About a month ago, Microsoft Live passed MSN in daily rank; you should expect to see this reflected in Alexa's three-month rank any day now. The next sites in line for succession --- MySpace and Facebook --- currently lack the reach to upset the Top5. In the middle of this Microsoft dance are Google and YouTube. The following graph illustrates some interesting trends.
As you can see, for the last five weekends YouTube (in teal) has out-ranked not only Live (in black) but also Google (in red), making it the #2 site on the internet. This raises two questions: 1.) Really? and, 2.) Why? To understand this trend, let's first take a look the corresponding reach and traffic graphs.

These graphs show that Google always has more unique users per day than YouTube but that every weekend, Google loses traffic whereas YouTube gains. This is not so far-fetched: the other search engines in the Top5 --- Yahoo! and Live --- show the same general trend. In fact, youtube.com has (for several months) had more overall traffic than google.com. This is also not far-fetched because of the different natures of these sites. When people go to Google, they are searching for content that is likely elsewhere. On the other hand, people that go to YouTube are going for the content on YouTube. Taking into account that (in general) search engines are a means and video sites are an end, it is not unreasonable that YouTube could get more pageviews per user (and more traffic) than Google.

This isn't the whole story, though. Another big difference between Google and YouTube is the way they use international domains, or ccTLDs. If I go to http://www.google.co.uk, I get the British version of Google and that traffic counts for google.co.uk, not for google.com. If I go to http://www.youtube.co.uk, I get redirected to http://uk.youtube.com and that traffic counts for youtube.com. In the Alexa Top100, Google is represented by their .com plus 19 ccTLDs. Each of these international sites pulls in between 0.1% and 0.3% of the daily traffic Alexa sees. Adding that to the 2.2% pulled in by google.com, Google's search sites get at least 6.0% of daily pageviews, which beats YouTube's 3.0% hands down. (Also of note: this beats Yahoo!'s 4.8% and they pull the same ccTLD trick that YouTube does, when possible. There are some exceptions --- yahoo.co.jp is an example --- due to individual registry rules.)
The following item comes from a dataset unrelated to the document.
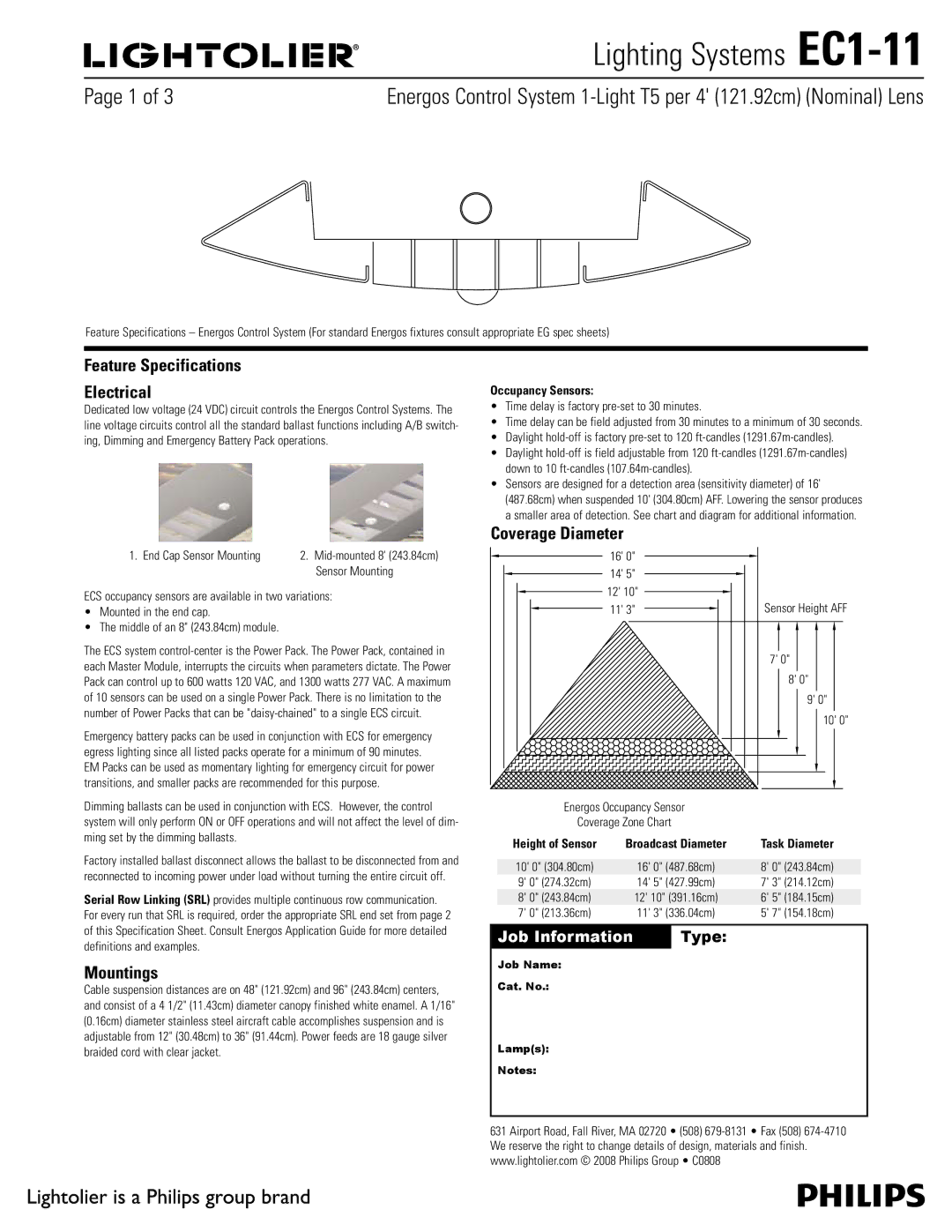 Lightolier EC1-11 specifications Feature Specifications Electrical, Coverage Diameter, Mountings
So the answers to the questions posed above depend on what you mean by "Google," i.e. whether it is a site, a brand, or a company. The first would be only google.com; the second would include google.com, google.fr, google.com.br, google.de, etc. The last would include those properties plus YouTube, Orkut, Blogger, et al. The point is that those are important questions to ask when doing traffic analysis on the web. Be wary of analyses that fail to take these kinds of issues into account, especially if the analyst incorrectly uses statistics. (Luckily, some people get it right.)

Friday, October 19, 2007

Beyond the New Black

As a follow-up to my post about "The New Black," here are more graphs for your consideration. I actually intended to write this up last week but I guess late is the new early. Jumping right in, as a computer scientist, I'm interested in programing language trends. The graph below was seeded from the list of programming languages on Wikipedia.


One of my co-workers was offended that "Python is the new Basic," so I guess I should talk about my interpretation of the data. The statement does not say that Python imitates, replaces, or has the same warts as BASIC. My translation is "Whereas BASIC was popular (or well-known) in the past, Python is now popular (and well-known) in a similar way, today." This is certainly the case for "HTML is the new assembly," given that assembly is a basic building block for compiled programs and HTML is a basic building block for the web. People (and computers) haven't forgotten about assembly; rather, the web has its own version of something similar.

The strongest links in the graph are, in order
  1. C is the new assembly
  2. Java is the new COBOL
  3. SQL is the new HTML
  4. Ruby is the new PHP
These mirror the way people think about most of these languages already. C has been called a portable assembler, Java and COBOL are both often thought of as business languages, SQL is behind a lot of dynamically generated HTML, and Ruby (on Rails) is competing with PHP for building web applications.

The only double-edge in the graph is between Java and C (including C++), which is indicative of the long-standing feud between developers on both sides. (It does raise the question as to why .NET is nowhere to be found.) The other cycle is from XML to XML, a testament to the eXtensibility of that standard.

And for those of you who I lost at the top of the post, I took the liberty of putting together of different sports and leagues, below. Enjoy!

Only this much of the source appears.